▶ _ACTIVITY_:
Without including any images, repeat the listing below exactly.

▶ _ENTRIES SUPPLIED_:
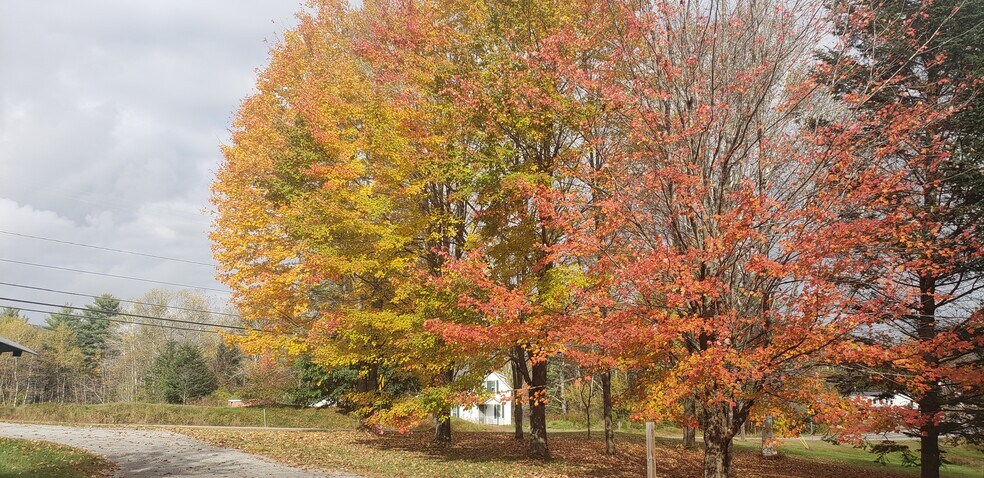 Building Photo - 162 Lancaster Rd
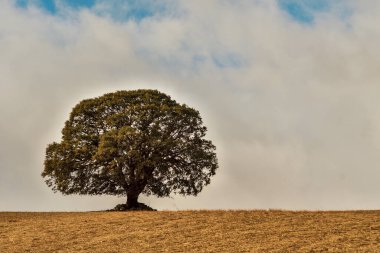 Granada 'nın doğu dağlarında ıssız bir ağaç..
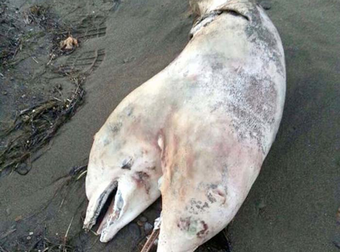 What Washed Ashore In Turkey Will Haunt Your Dreams Forever.
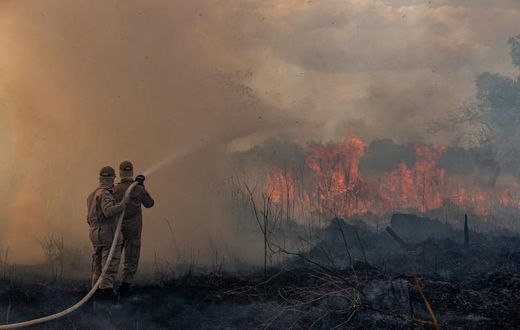Firefighters in the Brazilian Amazon basin state of Mato Grosso battle a forest blaze in the municipality of Sorriso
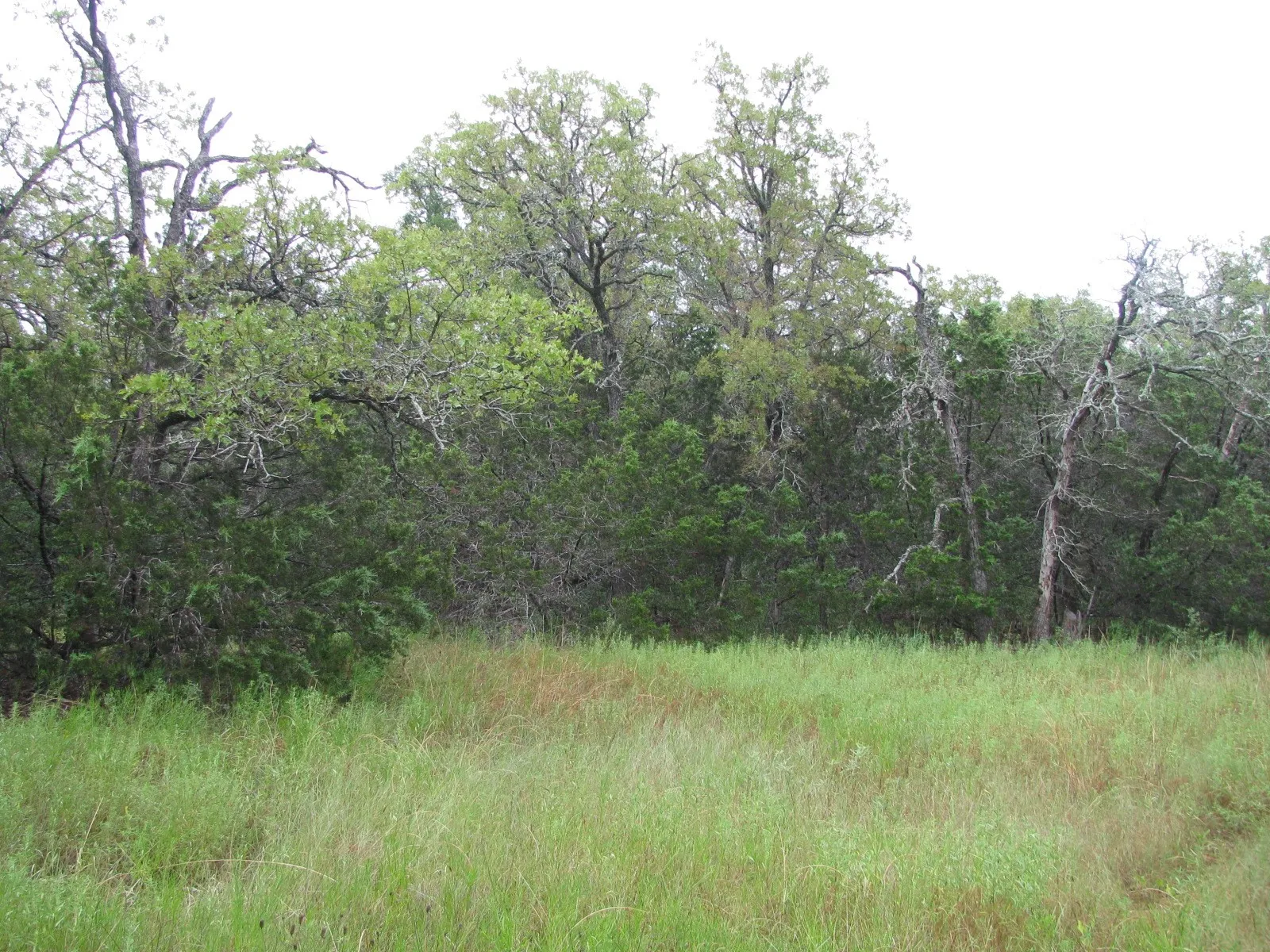 Ranch For Sale in Coryell County , TBD PR 1002, Purmela, Texas 76566, 0, 0, Garage spaces, 0 Sqft, built in 0, mls#20691532, Real Estate Agent in Purmela, Homes For Sale in Coryell county, Homes For Sale in Purmela, Realtor in Purmela Texas, Real Estate Brokerage Independent Realty Texas, Luminita Cordes Realtor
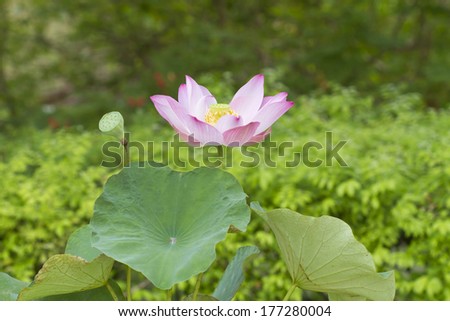 Pink Lotus flower plants in thailand (Indian Lotus, Sacred Lotus, Bean of India)
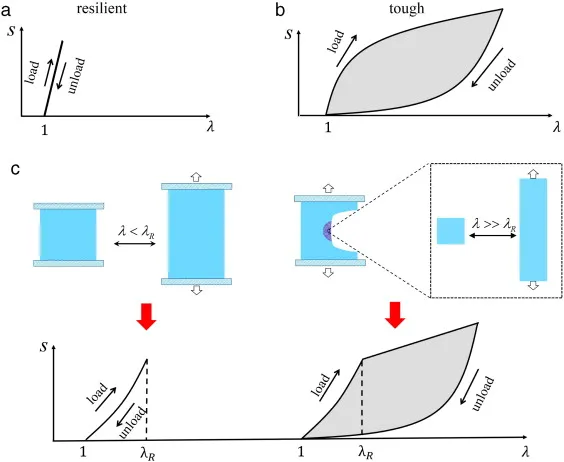 Fig. 1. Schematics of the design principle for tough and resilient hydrogels: (a) Resilience material requires low mechanical dissipation under deformation, indicated by small hysteresis in the stress–strain curve. (b) Tough material requires high dissipation during crack propagation in it, indicated by large hysteresis in the stress–strain curve. (c) Resilient and tough hydrogel can be designed with delayed dissipation. The hydrogel is resilient when deformed within a resilient domain λR, but significantly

▶ _SOLUTION BELOW_:
 Building Photo - 162 Lancaster Rd
 Granada 'nın doğu dağlarında ıssız bir ağaç..
 What Washed Ashore In Turkey Will Haunt Your Dreams Forever.
Firefighters in the Brazilian Amazon basin state of Mato Grosso battle a forest blaze in the municipality of Sorriso
 Ranch For Sale in Coryell County , TBD PR 1002, Purmela, Texas 76566, 0, 0, Garage spaces, 0 Sqft, built in 0, mls#20691532, Real Estate Agent in Purmela, Homes For Sale in Coryell county, Homes For Sale in Purmela, Realtor in Purmela Texas, Real Estate Brokerage Independent Realty Texas, Luminita Cordes Realtor
 Pink Lotus flower plants in thailand (Indian Lotus, Sacred Lotus, Bean of India)
 Fig. 1. Schematics of the design principle for tough and resilient hydrogels: (a) Resilience material requires low mechanical dissipation under deformation, indicated by small hysteresis in the stress–strain curve. (b) Tough material requires high dissipation during crack propagation in it, indicated by large hysteresis in the stress–strain curve. (c) Resilient and tough hydrogel can be designed with delayed dissipation. The hydrogel is resilient when deformed within a resilient domain λR, but significantly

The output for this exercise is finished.